I worry about that baby- if I can smell it just the few times I’m over- how is the baby doing when she goes thru this daily?

Personally- I would be worried about your Mother-In-Law and talk to your husband on how to approach it.

Post # 48
751 posts
Busy bee
  • Wedding: November 2015

OP I’ve only read the first page of responses and let me just say. I’m not a mom yet and neither set of (future) grandparents are smokers. However MY grandparents were heavvvvvy smokers. Like, several packs a day. They smoked outside too if they were at other people’s houses but they smoked inside at their home. 

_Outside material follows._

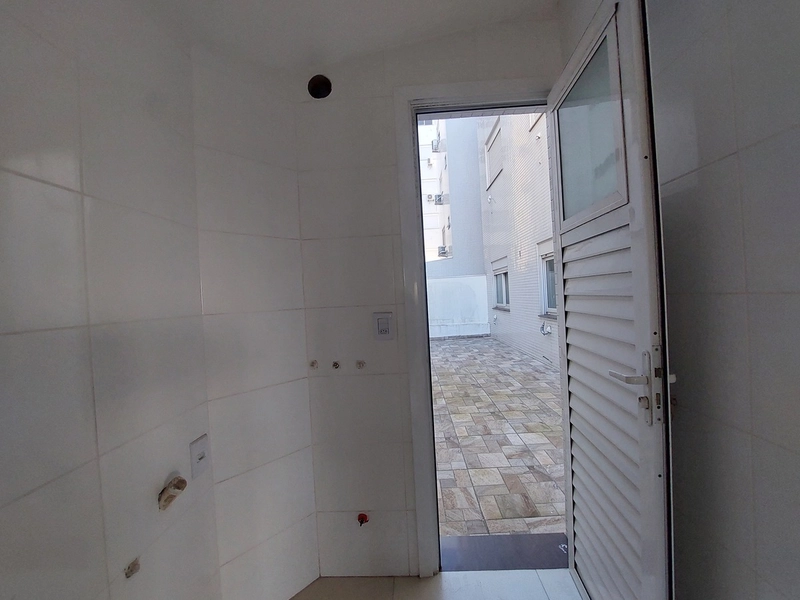 Amplo apartamento 3 dormitórios,1 suite,de frente, ZN, Capão da Canoa.: 2ª foto da galeria de imagens do imóvel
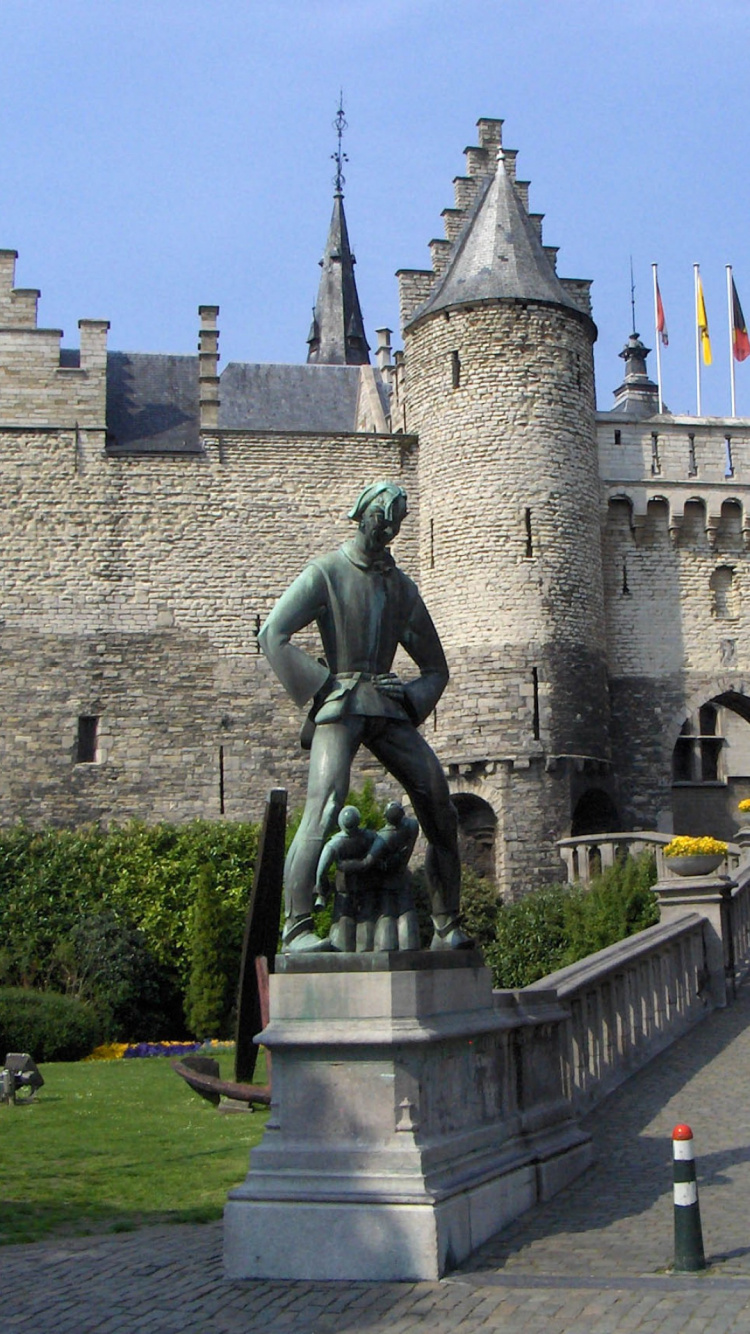 Statue Verte Près D'un Bâtiment en Béton Brun Pendant la Journée. Wallpaper in 750x1334 Resolution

My dad always made us go stay for a few days at a time to spend time with our grandparents (and they were a lot like your ILs, “Oh you don’t want to deprive us of time with our grandchildren do you? Don’t force your kids to never see us…”). It SUCKED. Even if they smoked outside they’d still come in smelling like it, the cars smelled like it and by the time we left WE smelled like it. Not to mention it was just suffocating. I hated it and I don’t have very happy memories of my time over there.

Do not do that to your kids. If you feel strongly about it, stand your ground. Be an advocate for your kids, especially since you’re lucky that your husband (I assume) backs you up on it. You don’t have to be ugly or evasive about it.

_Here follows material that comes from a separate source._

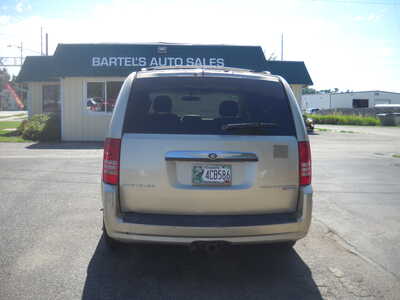 2010 Chrysler Town & Country, $950. Photo 6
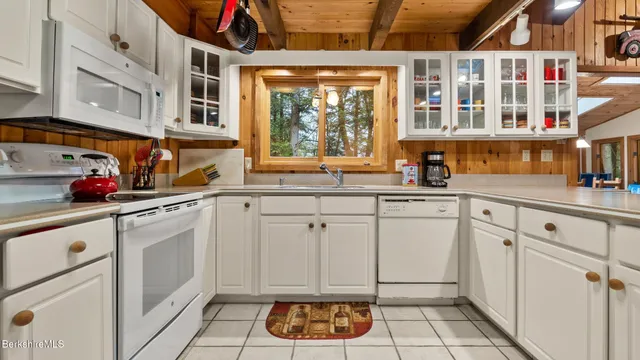 $799,000 | 343 Lakeshore Drive, Sandisfield, MA 01255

Just tell them straight up that you’re not comfortable with the smoke, and that while they are welcome to visit their grandchild at your home, you will need them to not smoke before interacting with your child, and that additionally you do not feel comfortable bringing your child into a smoke-friendly home so there will not be any visits to their home. Then reassure them that you know that’s not what they were expecting to hear but it’s out of love for their grandchild that you set these boundaries. I’d also let them know they’re welcome to arrange visits in your home, or you guys can go out, but that the smoking rules are finite for your child.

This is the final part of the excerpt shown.